_WORK TO COMPLETE:_ Below are some records. Retype exactly the lines from the one containing "2026 Ram 1500" through the one containing "Khả Trang được", both included, skipping every picture.

_RAW DATA:_
◇ ◇ ◇ ◇

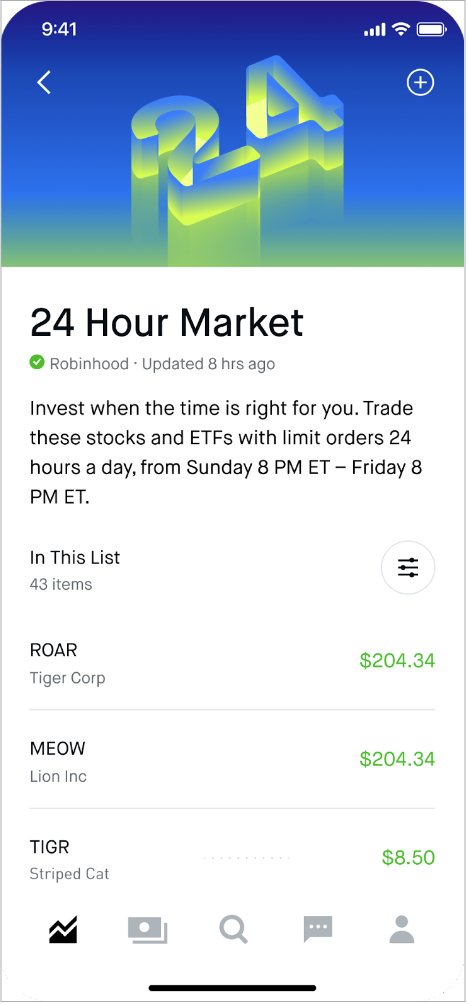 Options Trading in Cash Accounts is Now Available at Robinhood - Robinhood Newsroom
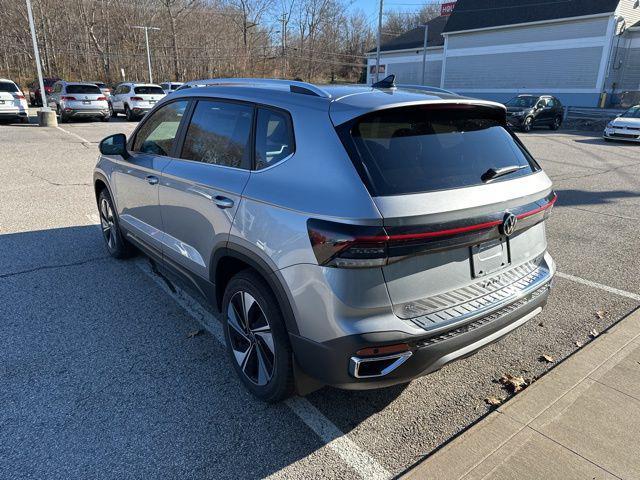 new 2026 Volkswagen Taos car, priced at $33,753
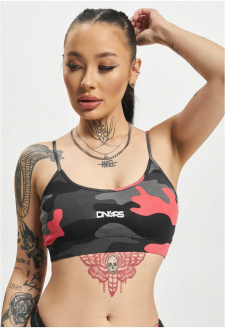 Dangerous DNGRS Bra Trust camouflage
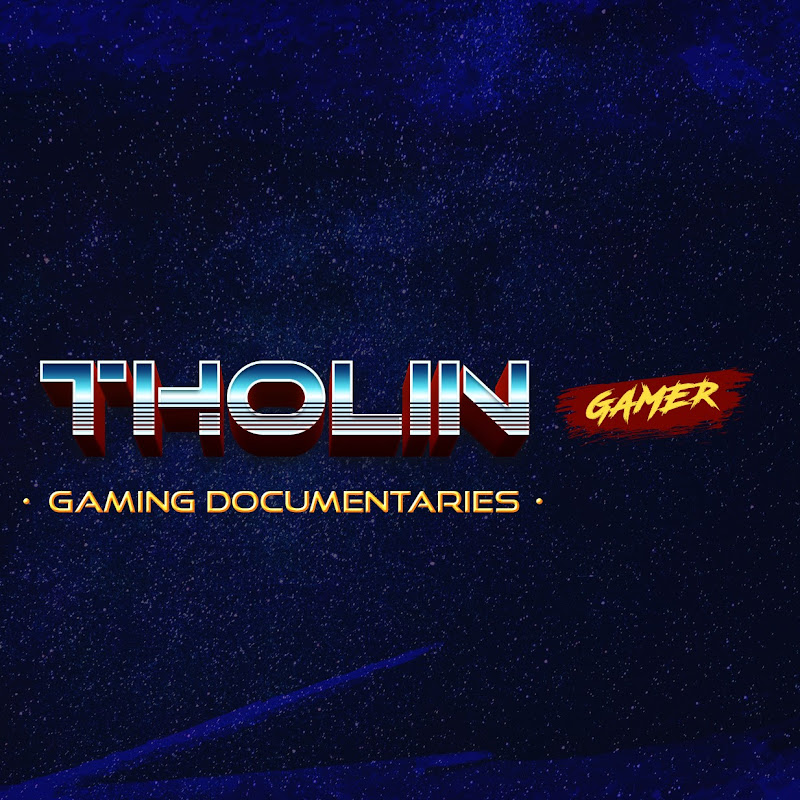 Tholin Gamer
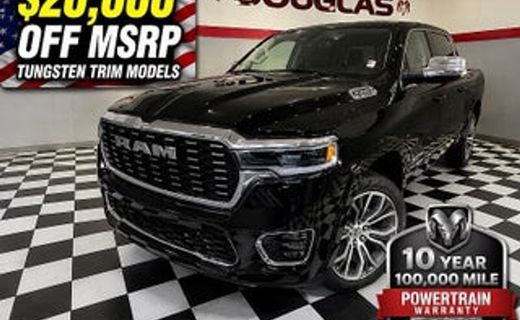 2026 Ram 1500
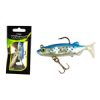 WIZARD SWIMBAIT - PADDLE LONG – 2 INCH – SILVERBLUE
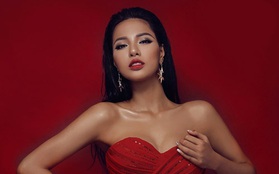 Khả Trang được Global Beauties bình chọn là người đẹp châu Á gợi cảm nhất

◇ ◇ ◇ ◇

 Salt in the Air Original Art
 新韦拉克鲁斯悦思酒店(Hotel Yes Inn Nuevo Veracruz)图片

◇ ◇ ◇ ◇

_ANSWER BOX:_
 2026 Ram 1500
 WIZARD SWIMBAIT - PADDLE LONG – 2 INCH – SILVERBLUE
 Khả Trang được Global Beauties bình chọn là người đẹp châu Á gợi cảm nhất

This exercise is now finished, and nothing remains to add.